In May 2017, the FASB issued Accounting Standard Update 2017-09, “Compensation—Stock Compensation: Scope of Modification Accounting”, which clarifies which changes to the terms or conditions of a share-based payment award require an entity to apply modification accounting. Under the new guidance, modification accounting is required if the fair value, vesting conditions or classification (equity or liability) of the new award are different from the original award immediately before the original award is modified. The standard is effective beginning January 1, 2018, with early adoption permitted. We are currently evaluating the potential impact of adopting this guidance on our consolidated financial statements.
Off Balance Sheet Arrangements
We have no off-balance sheet arrangements.

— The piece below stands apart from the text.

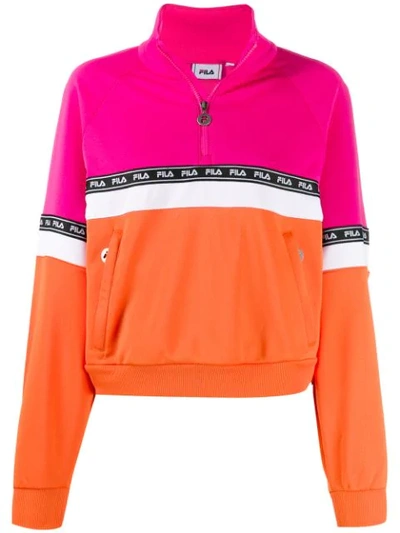 Fila Colour-block Design Jumper In Pink Yarrow/mandarin Orange | ModeSens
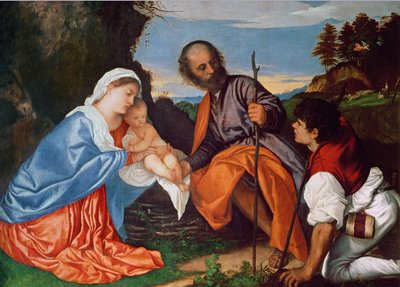 Den hellige familie og en hyrde, ca. 1510 av Tiziano Vecelli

ITEM 3. QUANTITATIVE AND QUALITATIVE DISCLOSURES ABOUT MARKET RISK.
Not applicable.
ITEM 4. CONTROLS AND PROCEDURES.
Disclosure Controls and Procedures
We carried out an evaluation, under the supervision and with the participation of our management, including our chief executive officer and chief financial officer, of the effectiveness of the design and operation of our disclosure controls and procedures, as defined in Rules 13a-15(e) and 15d-15(e) under the Securities Exchange Act of 1934, as amended (the ‘‘Exchange Act’’). Disclosure controls and procedures include, without limitation, controls and procedures that are designed to ensure that information required to be disclosed by an issuer in the reports that it files or submits under the Exchange Act is accumulated and communicated to the issuer’s management, including its principal executive and principal financial officers, or persons performing similar functions, as appropriate to allow timely decisions regarding required disclosure. Based upon our evaluation, our chief executive officer and chief financial officer concluded that our disclosure controls and procedures are effective for the period ended September 30, 2017 in ensuring that information that we are required to disclose in reports that we file or submit under the Exchange Act is recorded, processed, summarized and reported within the time periods specified in the Securities and Exchange Commission rules and forms.

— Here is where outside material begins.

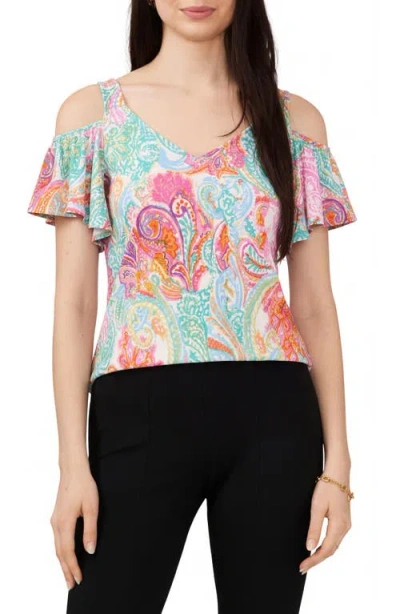 Chaus Print Cold Shoulder Top In Multi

Changes in Internal Control over Financial Reporting
There were no changes in our internal control over financial reporting that occurred during the quarter ended September 30, 2017 that have materially affected, or are reasonably likely to materially affect, our internal control over financial reporting.
Inherent Limitations over Internal Controls
Internal control over financial reporting cannot provide absolute assurance of achieving financial reporting objectives because of its inherent limitations, including the possibility of human error and circumvention by collusion or overriding of controls. Accordingly, even an effective internal control system may not prevent or detect material misstatements on a timely basis. Also, projections of any evaluation of effectiveness to future periods are subject to the risk that controls may become inadequate because of changes in conditions or that the degree of compliance with the policies or procedures may deteriorate.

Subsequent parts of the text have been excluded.